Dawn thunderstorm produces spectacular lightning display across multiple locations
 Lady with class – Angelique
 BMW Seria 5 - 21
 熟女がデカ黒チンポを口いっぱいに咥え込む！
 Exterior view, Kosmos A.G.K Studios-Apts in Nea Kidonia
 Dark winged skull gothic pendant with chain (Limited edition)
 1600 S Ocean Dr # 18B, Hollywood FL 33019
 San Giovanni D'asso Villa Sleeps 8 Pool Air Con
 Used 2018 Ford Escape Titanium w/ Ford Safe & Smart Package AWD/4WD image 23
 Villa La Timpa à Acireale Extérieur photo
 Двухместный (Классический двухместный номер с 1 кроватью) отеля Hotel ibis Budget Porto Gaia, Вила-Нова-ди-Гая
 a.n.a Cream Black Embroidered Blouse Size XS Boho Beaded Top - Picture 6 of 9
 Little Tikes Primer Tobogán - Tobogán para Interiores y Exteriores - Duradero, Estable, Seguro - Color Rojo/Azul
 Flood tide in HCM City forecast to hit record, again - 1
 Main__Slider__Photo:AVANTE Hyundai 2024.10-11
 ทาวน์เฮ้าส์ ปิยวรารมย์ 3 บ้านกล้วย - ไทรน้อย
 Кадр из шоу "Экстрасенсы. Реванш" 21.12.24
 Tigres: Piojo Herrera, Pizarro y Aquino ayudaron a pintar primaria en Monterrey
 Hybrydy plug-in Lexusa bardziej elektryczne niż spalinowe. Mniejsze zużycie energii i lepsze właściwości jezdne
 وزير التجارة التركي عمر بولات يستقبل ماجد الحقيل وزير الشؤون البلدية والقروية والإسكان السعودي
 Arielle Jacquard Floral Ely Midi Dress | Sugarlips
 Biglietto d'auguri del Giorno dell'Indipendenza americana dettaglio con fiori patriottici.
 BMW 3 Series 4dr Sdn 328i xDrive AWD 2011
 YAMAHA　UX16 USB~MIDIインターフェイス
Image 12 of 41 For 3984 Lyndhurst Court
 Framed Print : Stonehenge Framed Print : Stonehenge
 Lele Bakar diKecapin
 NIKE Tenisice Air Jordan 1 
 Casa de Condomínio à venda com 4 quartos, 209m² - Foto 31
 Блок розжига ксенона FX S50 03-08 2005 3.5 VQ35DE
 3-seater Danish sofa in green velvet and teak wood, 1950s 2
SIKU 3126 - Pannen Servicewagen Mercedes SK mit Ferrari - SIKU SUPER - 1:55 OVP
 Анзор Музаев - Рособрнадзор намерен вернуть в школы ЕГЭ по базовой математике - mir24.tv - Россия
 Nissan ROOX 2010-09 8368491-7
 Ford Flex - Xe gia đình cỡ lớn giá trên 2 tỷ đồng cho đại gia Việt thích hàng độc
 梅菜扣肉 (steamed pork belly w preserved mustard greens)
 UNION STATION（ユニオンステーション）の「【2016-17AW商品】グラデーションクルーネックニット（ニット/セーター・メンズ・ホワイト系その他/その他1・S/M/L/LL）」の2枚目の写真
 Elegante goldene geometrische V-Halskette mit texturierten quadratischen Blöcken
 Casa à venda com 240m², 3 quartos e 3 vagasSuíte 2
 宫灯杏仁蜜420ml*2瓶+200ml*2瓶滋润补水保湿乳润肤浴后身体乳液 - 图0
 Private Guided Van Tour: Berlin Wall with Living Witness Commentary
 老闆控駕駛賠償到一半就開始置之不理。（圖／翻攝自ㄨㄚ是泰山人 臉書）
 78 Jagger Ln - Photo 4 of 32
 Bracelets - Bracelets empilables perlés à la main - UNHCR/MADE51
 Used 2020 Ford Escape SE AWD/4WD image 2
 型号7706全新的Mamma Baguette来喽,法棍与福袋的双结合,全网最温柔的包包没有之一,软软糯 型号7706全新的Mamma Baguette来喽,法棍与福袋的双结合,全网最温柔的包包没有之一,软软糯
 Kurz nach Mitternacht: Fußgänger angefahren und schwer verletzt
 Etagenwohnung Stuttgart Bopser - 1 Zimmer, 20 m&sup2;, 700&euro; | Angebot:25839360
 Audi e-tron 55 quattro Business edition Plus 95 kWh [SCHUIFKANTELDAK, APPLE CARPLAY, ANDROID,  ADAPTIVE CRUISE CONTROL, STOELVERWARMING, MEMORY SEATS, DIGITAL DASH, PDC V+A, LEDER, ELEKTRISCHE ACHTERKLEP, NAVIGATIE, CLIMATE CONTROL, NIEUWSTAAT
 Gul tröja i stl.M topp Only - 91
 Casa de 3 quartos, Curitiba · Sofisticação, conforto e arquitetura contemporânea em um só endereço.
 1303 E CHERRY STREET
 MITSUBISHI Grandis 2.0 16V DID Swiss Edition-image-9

───

What to do: From the listing, tally every line with the word "quartos" in it and give only the tally.

Result of the exercise: 3